### Dataset items
..............................

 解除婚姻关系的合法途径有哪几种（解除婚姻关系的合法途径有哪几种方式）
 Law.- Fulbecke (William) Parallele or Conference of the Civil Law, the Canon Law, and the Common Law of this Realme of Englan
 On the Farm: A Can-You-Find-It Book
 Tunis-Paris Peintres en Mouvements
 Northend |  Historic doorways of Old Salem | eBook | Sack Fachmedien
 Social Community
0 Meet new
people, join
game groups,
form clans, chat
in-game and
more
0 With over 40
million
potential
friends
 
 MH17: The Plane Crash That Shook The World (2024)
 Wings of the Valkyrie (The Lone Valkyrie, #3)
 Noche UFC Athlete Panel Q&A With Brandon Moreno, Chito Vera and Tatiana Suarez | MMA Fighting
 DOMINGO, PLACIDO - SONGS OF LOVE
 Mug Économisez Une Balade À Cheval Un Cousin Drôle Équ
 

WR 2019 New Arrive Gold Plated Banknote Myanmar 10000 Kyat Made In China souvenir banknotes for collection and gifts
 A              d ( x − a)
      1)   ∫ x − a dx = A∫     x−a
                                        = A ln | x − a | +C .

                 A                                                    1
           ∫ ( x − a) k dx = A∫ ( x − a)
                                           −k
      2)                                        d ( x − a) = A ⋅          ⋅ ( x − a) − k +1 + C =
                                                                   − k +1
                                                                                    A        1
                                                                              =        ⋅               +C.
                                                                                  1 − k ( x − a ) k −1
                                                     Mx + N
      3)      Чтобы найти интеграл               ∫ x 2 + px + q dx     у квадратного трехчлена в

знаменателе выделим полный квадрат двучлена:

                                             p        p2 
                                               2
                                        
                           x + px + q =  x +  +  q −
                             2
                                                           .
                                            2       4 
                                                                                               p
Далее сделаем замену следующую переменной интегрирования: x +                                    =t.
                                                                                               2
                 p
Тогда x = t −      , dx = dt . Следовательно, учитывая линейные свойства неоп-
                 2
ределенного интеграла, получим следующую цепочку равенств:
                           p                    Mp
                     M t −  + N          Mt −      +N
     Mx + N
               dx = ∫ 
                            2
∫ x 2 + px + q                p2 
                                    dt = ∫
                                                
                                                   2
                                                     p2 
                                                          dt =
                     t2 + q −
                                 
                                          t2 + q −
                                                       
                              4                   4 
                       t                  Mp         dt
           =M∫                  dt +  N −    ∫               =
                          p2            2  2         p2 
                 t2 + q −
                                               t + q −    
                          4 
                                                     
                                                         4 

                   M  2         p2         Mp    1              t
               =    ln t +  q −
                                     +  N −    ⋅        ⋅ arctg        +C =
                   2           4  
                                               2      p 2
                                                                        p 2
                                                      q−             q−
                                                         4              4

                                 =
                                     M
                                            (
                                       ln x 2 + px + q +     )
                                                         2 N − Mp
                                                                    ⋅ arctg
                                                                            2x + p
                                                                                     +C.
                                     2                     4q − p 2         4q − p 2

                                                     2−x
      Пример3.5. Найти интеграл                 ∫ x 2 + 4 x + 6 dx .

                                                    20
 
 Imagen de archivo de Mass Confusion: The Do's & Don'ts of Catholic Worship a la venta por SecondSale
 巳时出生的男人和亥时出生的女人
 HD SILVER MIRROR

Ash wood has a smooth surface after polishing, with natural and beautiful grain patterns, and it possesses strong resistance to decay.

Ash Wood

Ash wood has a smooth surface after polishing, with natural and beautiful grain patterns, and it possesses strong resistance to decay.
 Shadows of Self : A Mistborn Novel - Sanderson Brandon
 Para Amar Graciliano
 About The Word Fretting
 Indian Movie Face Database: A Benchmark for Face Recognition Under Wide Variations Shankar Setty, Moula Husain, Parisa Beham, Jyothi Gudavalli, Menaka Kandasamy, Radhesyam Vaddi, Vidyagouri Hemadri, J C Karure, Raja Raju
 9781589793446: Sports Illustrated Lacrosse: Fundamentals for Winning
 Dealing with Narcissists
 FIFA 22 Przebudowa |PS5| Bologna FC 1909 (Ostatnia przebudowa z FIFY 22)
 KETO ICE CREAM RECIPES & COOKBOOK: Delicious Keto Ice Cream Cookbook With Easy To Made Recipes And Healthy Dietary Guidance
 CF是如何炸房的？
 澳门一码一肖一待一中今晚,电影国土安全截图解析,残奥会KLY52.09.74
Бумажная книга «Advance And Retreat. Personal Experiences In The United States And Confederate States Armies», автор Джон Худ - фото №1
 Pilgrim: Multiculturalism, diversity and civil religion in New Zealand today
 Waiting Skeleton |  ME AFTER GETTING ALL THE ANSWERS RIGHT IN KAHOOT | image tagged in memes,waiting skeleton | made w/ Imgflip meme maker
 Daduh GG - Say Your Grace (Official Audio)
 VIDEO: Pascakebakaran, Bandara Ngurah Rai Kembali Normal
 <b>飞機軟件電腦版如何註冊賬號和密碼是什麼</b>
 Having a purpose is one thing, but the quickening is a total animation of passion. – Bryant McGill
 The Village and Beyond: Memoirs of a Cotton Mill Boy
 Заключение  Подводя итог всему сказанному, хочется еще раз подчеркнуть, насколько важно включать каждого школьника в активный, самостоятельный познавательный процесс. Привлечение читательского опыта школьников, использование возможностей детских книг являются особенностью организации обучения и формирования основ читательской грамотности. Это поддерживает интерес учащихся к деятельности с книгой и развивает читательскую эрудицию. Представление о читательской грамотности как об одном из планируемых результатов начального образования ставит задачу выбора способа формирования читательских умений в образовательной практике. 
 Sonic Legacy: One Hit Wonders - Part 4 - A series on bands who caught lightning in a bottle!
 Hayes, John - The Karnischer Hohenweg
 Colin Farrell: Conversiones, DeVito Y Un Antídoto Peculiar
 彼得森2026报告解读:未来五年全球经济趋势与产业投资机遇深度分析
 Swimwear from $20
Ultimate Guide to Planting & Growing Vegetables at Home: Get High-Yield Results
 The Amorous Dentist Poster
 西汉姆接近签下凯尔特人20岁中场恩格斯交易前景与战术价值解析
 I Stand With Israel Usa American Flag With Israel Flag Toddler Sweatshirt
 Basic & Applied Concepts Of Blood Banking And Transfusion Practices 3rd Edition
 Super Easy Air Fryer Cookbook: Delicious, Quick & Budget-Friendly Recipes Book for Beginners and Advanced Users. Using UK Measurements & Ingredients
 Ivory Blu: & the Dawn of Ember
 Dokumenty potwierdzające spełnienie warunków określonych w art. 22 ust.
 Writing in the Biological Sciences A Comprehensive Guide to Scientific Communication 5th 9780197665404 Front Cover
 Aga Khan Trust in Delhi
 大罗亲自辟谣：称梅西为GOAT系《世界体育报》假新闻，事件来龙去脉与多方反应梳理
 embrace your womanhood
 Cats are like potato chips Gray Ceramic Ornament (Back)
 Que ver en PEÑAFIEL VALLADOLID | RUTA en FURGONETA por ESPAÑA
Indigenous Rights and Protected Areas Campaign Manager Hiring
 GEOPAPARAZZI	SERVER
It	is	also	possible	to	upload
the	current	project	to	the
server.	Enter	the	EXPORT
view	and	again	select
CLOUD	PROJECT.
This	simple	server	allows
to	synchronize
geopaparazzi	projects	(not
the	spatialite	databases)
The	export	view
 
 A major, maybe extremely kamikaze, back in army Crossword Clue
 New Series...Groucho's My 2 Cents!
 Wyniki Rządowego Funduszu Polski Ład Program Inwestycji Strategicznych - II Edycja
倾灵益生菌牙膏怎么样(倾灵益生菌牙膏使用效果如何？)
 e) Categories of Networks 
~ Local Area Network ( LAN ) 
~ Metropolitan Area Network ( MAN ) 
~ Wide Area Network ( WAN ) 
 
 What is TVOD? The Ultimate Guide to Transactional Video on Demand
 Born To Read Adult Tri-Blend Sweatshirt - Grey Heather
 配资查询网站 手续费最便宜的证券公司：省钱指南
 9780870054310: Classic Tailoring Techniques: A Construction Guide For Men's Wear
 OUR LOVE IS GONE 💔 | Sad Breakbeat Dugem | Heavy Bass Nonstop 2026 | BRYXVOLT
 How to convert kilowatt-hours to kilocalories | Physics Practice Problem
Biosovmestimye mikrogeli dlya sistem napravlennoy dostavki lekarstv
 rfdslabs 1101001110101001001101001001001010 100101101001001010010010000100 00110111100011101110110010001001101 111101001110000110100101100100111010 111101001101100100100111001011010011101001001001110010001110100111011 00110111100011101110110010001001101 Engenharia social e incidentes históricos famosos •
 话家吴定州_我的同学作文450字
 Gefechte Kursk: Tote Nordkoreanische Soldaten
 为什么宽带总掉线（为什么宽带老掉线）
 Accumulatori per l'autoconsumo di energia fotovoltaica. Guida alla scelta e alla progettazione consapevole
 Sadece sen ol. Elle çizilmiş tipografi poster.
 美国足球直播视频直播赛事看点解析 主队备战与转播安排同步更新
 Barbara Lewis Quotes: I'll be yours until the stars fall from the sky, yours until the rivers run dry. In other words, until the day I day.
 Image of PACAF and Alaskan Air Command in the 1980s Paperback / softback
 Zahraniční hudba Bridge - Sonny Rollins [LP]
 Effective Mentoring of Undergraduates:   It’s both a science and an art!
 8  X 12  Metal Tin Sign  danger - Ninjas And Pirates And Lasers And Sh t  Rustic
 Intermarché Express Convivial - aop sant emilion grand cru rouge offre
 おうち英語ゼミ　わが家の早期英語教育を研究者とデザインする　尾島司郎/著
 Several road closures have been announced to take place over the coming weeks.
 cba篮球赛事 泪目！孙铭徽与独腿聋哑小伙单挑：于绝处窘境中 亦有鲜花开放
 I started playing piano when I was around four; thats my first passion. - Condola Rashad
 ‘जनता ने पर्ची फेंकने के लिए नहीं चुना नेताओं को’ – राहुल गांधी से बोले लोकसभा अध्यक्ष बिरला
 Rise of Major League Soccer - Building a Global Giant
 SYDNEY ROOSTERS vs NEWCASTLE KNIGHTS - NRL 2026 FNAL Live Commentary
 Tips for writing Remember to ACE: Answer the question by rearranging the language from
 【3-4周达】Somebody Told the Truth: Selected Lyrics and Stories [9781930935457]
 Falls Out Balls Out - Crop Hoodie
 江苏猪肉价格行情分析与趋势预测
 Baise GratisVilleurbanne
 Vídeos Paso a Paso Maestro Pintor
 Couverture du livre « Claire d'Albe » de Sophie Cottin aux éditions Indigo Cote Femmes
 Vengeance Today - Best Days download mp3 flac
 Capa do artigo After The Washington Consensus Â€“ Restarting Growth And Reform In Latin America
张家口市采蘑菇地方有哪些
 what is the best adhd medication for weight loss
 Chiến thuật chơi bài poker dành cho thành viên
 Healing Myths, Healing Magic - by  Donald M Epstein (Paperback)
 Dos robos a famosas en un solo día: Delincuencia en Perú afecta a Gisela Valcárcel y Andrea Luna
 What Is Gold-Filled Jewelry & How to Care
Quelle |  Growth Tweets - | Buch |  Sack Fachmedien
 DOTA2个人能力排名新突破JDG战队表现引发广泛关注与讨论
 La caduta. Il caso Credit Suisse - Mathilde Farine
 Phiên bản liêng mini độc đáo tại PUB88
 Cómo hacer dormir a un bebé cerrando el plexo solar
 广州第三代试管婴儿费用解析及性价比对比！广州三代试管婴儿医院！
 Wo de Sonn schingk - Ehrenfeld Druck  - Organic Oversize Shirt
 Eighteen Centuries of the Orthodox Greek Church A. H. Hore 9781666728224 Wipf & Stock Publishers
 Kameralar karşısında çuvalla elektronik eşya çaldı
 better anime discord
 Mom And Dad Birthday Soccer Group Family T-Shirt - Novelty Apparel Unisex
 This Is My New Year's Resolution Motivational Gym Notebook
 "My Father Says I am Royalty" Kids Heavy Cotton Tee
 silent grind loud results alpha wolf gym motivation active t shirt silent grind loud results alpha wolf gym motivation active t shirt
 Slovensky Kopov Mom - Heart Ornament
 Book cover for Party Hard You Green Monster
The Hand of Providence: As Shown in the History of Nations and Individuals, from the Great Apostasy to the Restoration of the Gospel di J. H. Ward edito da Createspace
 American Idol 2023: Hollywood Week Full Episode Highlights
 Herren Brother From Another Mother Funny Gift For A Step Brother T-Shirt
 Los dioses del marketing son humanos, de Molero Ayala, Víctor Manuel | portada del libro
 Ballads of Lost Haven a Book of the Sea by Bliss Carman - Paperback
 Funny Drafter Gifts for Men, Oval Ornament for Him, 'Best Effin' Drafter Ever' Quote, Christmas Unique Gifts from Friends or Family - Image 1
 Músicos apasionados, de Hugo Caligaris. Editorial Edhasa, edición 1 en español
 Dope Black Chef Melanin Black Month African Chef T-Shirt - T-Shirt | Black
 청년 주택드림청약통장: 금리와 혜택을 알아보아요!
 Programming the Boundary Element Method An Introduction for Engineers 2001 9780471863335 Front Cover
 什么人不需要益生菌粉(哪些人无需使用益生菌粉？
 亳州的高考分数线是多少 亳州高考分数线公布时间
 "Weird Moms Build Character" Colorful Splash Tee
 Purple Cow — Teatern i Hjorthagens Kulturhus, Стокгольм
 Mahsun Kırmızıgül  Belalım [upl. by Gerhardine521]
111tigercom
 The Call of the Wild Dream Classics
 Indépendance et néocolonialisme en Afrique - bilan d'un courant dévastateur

..............................

### WHAT YOU WILL DO
An exact copy of the lines above between the line holding "On the Farm: A Can-You-Find-It Book" and the line holding "ln | x − a | +C .", inclusive, is the whole answer.

### RESULT OF THIS TASK
 On the Farm: A Can-You-Find-It Book
 Tunis-Paris Peintres en Mouvements
 Northend |  Historic doorways of Old Salem | eBook | Sack Fachmedien
 Social Community
0 Meet new
people, join
game groups,
form clans, chat
in-game and
more
0 With over 40
million
potential
friends
 
 MH17: The Plane Crash That Shook The World (2024)
 Wings of the Valkyrie (The Lone Valkyrie, #3)
 Noche UFC Athlete Panel Q&A With Brandon Moreno, Chito Vera and Tatiana Suarez | MMA Fighting
 DOMINGO, PLACIDO - SONGS OF LOVE
 Mug Économisez Une Balade À Cheval Un Cousin Drôle Équ
 

WR 2019 New Arrive Gold Plated Banknote Myanmar 10000 Kyat Made In China souvenir banknotes for collection and gifts
 A              d ( x − a)
      1)   ∫ x − a dx = A∫     x−a
                                        = A ln | x − a | +C .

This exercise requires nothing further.